To stop a continuous job, click the Pause button. Click Resume to restart the job in continuous mode.
- There can be only one running instance of a continuous job.
- A delay exists between a run finishing and a new run starting. This delay should be less than 60 seconds.
- You cannot use task dependencies with a continuous job.
- You cannot use retry policies in a continuous job. Instead, continuous jobs automatically retry the entire job on failure using an exponential backoff algorithm.
- You can additionally configure retries at the task level by setting the Task retry mode to On failure.
- Select Run now to trigger a new job run on a paused continuous job.
- To have your continuous job pick up a new configuration, cancel the existing run. A new run automatically starts. You can also click Restart run to restart the job run with the updated configuration.
How are failures handled for continuous jobs?
Failures are managed using an exponential backoff algorithm.
When Task retry mode is set to On failure, failed tasks are retried with an exponentially increasing delay until the maximum number of allowed retries is reached (three for a single task job). After the maximum retries are reached, the run is canceled, and a new run is triggered. For jobs with multiple tasks, a failed task triggers a new run if there are no other tasks running, or all other uncompleted tasks are also in a failed or retry state.
Consecutive failures at a job level are also managed using exponential backoff, which allows continuous jobs to run without pausing and return to a healthy state when recoverable failures occur.
When a continuous job exceeds the allowable threshold for consecutive failures, the following describes how subsequent job runs are managed:
- The job is restarted after a retry period set by the system.
- If the next job run fails, the retry period is increased, and the job is restarted after this new retry period.
- For each subsequent job run failure, the retry period is increased up to a maximum retry period set by the system. After reaching the maximum retry period, the job continues to be retried using the maximum retry period.
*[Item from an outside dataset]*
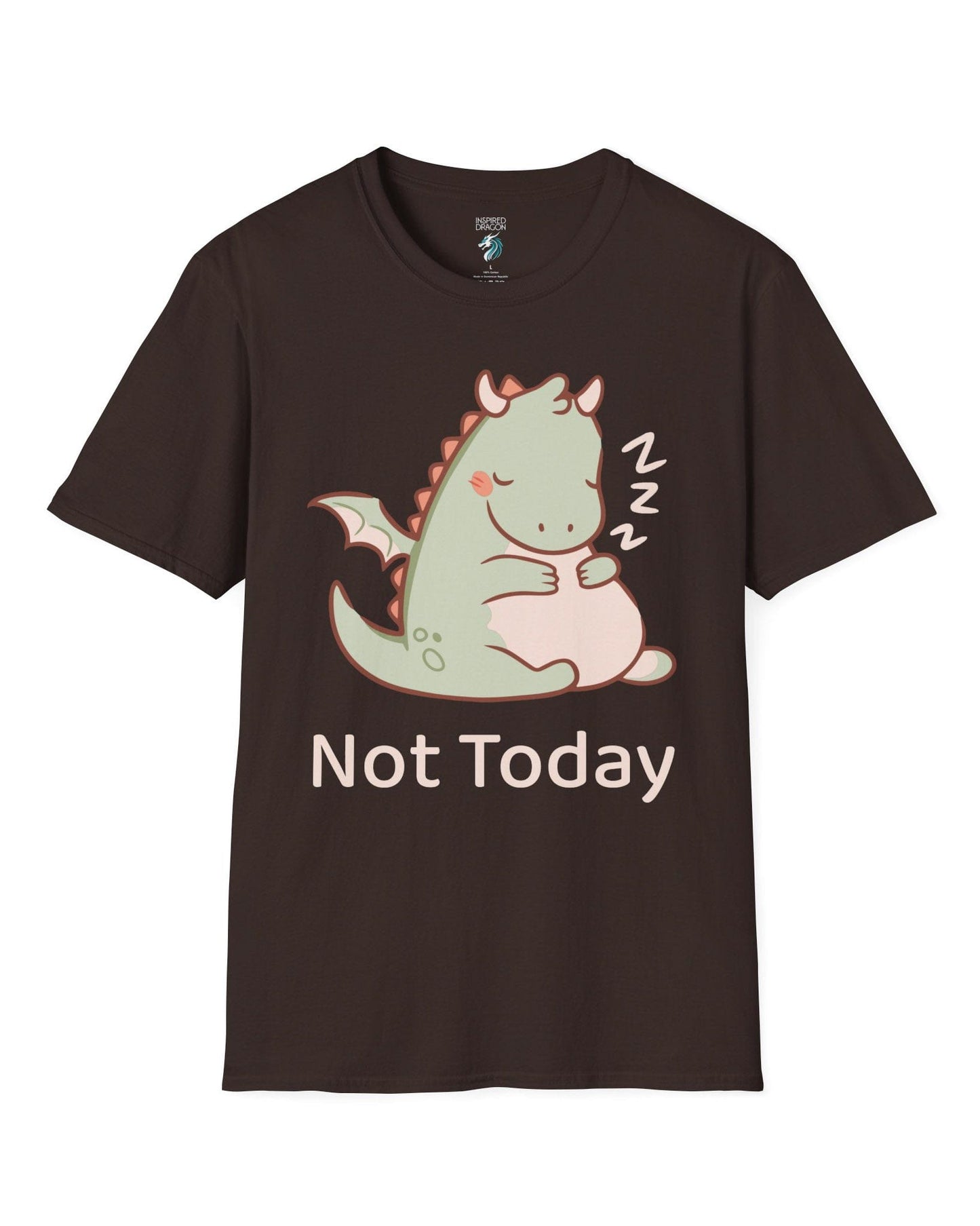 Not Today shirt in dark chocolate, featuring a sleepy green dragon curled up with Zs and soft pastel colors.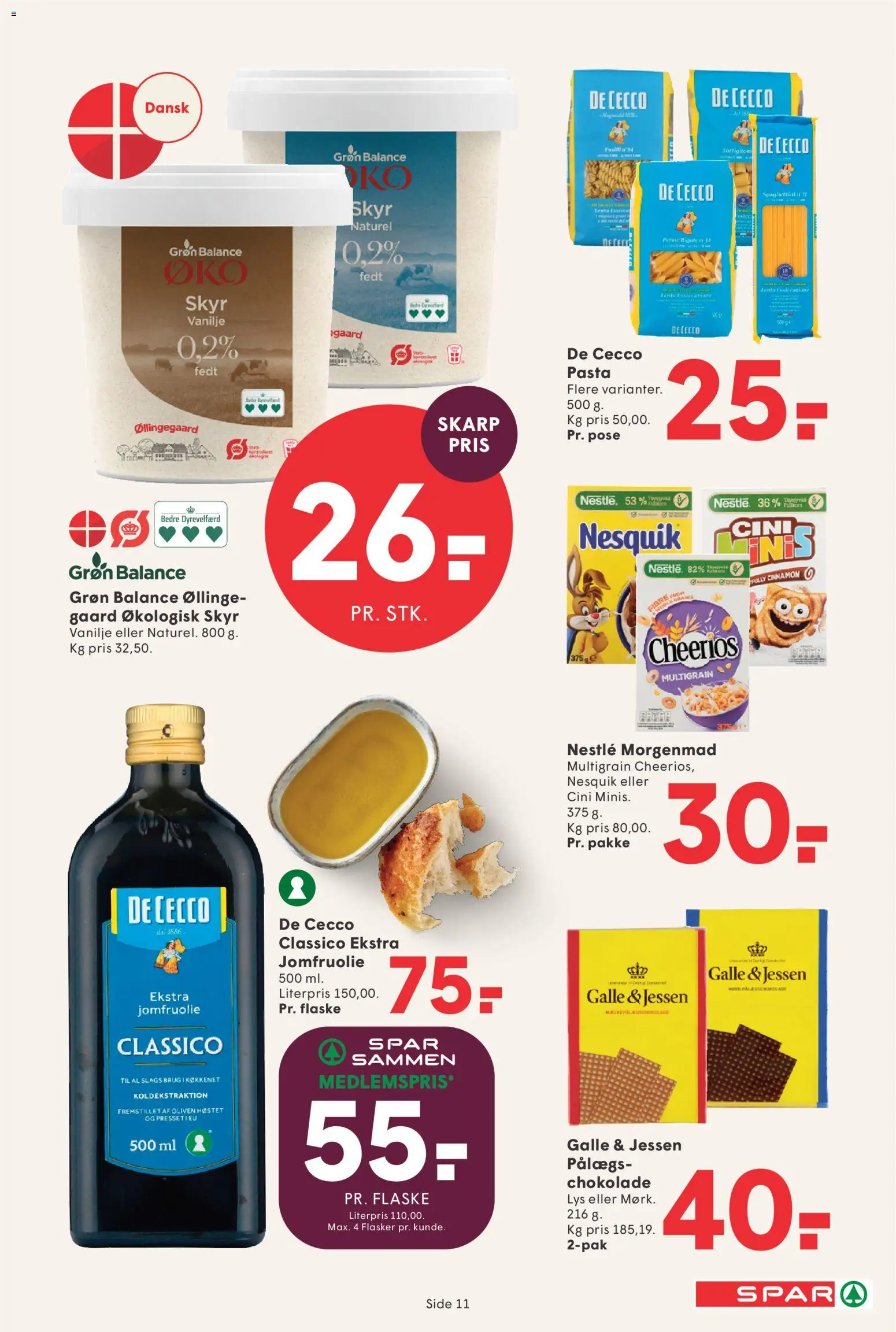 Spar tilbudsavis – gyldig fra 28/08/2026 | Side: 12 | Produkter: Skyr, Pålægschokolade, Oliven, Vanilje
There is no limit on the number of retries for a continuous job.
- If the job run completes successfully and starts a new run, or if the run exceeds a threshold without failure, the job is considered healthy, and the backoff sequence resets.
You can restart a continuous job in the exponential backoff state in the Jobs UI or by passing the job ID to the POST /api/2.1/jobs/run-now request in the Jobs 2.1 API or the POST /api/2.0/jobs/run-now request in the Jobs 2.0 API.